Top of Source material

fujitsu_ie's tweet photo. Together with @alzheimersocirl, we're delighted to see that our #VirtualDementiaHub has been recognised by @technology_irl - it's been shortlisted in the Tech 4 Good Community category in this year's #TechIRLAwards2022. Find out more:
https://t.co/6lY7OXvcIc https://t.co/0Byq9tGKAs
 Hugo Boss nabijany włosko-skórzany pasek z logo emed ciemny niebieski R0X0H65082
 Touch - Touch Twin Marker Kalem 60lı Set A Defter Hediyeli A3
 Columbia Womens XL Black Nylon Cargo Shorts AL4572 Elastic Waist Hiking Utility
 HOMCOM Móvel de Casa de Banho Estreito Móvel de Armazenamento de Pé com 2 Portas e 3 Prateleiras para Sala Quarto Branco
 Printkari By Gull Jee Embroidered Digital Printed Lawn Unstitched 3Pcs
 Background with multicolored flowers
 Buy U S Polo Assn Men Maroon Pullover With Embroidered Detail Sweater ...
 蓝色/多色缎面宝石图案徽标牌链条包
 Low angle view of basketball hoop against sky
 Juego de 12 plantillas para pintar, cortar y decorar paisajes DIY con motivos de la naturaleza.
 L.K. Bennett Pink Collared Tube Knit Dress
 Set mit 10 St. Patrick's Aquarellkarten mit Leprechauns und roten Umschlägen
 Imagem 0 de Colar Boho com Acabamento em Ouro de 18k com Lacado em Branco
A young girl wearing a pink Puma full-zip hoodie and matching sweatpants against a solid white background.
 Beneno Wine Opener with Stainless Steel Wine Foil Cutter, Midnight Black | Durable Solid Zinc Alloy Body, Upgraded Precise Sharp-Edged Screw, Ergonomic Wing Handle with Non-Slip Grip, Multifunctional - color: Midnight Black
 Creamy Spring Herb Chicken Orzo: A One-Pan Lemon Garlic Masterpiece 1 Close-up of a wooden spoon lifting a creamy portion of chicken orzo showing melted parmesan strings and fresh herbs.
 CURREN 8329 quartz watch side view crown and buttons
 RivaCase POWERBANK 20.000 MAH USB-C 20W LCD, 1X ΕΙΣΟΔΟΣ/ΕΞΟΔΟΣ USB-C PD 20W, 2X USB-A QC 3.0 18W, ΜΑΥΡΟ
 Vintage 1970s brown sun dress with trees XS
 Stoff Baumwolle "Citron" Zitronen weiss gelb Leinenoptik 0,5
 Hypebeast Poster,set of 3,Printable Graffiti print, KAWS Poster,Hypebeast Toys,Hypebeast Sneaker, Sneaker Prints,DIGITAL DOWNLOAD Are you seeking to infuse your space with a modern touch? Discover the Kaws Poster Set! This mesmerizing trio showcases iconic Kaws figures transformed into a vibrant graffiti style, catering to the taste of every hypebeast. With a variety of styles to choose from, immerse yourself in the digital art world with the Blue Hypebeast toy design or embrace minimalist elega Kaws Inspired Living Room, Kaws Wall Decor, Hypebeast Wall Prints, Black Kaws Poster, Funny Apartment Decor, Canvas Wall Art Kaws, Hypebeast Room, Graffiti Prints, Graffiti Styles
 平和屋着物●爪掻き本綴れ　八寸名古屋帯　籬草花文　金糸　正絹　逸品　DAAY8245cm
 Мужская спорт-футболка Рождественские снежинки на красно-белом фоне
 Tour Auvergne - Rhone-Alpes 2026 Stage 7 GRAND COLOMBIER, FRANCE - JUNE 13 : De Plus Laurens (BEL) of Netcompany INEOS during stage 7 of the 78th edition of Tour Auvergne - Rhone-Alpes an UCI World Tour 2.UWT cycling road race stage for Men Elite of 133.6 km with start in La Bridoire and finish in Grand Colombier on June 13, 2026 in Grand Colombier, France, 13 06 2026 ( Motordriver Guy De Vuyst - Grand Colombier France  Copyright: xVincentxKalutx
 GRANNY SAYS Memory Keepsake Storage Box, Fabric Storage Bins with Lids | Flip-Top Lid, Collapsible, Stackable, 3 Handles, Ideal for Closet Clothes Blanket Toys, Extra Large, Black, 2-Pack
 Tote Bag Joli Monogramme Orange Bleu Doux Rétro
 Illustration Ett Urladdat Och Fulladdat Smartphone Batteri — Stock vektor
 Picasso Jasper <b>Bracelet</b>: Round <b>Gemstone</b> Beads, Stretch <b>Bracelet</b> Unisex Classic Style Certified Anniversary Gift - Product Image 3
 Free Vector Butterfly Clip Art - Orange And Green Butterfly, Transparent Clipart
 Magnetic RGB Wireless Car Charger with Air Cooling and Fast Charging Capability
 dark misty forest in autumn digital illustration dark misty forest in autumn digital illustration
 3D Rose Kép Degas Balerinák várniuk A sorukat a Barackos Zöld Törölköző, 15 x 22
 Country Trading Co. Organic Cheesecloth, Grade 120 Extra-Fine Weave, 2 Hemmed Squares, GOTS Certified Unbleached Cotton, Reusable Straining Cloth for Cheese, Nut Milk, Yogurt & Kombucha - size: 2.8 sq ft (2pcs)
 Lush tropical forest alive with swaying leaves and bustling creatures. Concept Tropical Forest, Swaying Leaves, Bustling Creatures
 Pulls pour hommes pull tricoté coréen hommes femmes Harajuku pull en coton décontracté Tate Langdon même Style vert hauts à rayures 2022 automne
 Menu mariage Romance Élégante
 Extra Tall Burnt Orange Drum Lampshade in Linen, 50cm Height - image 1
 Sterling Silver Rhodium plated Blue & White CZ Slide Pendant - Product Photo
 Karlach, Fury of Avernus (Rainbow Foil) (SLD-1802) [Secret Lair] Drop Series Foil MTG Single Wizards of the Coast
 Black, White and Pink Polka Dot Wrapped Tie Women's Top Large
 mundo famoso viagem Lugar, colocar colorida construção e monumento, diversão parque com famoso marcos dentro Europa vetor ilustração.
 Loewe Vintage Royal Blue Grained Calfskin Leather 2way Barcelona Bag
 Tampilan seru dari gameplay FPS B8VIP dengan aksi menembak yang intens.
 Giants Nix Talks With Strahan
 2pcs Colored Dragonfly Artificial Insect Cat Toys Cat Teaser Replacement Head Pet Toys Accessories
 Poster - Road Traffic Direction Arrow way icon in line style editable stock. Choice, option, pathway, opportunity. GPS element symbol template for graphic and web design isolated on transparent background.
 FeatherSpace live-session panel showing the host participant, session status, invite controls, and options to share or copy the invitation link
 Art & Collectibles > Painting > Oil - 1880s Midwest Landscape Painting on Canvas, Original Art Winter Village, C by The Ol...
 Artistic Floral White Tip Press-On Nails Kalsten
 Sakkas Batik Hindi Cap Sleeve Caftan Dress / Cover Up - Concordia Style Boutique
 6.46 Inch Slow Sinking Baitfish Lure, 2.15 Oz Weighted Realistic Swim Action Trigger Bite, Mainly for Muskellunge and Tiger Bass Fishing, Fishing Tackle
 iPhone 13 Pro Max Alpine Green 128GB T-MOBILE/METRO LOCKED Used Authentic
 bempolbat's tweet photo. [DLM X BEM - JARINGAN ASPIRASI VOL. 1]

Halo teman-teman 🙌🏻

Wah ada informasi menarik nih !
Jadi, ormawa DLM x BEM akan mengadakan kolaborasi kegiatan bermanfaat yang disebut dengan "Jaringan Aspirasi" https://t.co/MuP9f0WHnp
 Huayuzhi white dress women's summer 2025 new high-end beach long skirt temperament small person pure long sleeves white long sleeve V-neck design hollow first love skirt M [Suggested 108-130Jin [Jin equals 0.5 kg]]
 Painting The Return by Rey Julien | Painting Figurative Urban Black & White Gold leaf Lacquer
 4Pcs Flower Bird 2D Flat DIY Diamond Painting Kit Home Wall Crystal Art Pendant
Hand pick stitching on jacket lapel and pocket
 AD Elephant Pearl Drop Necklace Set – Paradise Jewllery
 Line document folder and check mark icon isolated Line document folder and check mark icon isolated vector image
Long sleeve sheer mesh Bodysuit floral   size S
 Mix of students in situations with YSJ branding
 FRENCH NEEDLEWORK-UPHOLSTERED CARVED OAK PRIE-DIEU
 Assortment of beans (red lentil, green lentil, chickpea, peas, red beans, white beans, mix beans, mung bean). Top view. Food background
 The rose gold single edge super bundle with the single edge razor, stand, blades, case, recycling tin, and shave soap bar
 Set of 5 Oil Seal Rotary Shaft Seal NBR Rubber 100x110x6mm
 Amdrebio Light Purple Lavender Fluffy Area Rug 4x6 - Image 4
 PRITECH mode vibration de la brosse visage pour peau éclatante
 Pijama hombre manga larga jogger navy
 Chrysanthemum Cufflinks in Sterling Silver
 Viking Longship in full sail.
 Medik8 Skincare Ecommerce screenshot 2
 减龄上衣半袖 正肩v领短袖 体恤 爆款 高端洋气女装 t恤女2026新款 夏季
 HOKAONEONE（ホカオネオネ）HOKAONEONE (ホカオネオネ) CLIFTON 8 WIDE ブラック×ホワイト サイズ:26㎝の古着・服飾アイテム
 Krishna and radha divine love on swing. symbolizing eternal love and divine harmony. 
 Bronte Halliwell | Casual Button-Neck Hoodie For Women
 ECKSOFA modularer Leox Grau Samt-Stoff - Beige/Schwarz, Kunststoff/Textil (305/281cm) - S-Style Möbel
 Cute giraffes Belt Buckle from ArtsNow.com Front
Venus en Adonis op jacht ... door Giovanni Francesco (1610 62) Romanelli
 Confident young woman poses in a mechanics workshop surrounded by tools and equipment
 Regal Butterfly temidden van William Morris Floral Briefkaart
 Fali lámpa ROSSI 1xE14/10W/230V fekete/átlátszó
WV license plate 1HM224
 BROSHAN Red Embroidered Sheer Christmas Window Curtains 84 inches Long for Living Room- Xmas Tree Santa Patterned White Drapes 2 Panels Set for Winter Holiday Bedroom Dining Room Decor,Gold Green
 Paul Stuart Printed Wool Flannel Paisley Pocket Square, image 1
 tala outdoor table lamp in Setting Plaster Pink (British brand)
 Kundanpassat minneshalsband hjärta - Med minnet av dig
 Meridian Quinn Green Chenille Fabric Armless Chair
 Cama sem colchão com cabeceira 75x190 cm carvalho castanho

Bottom of Source material

> **Action item**: If a line of the entries above holds the word "Printed", count it; report only how many such lines there are.

> **The answer**: 2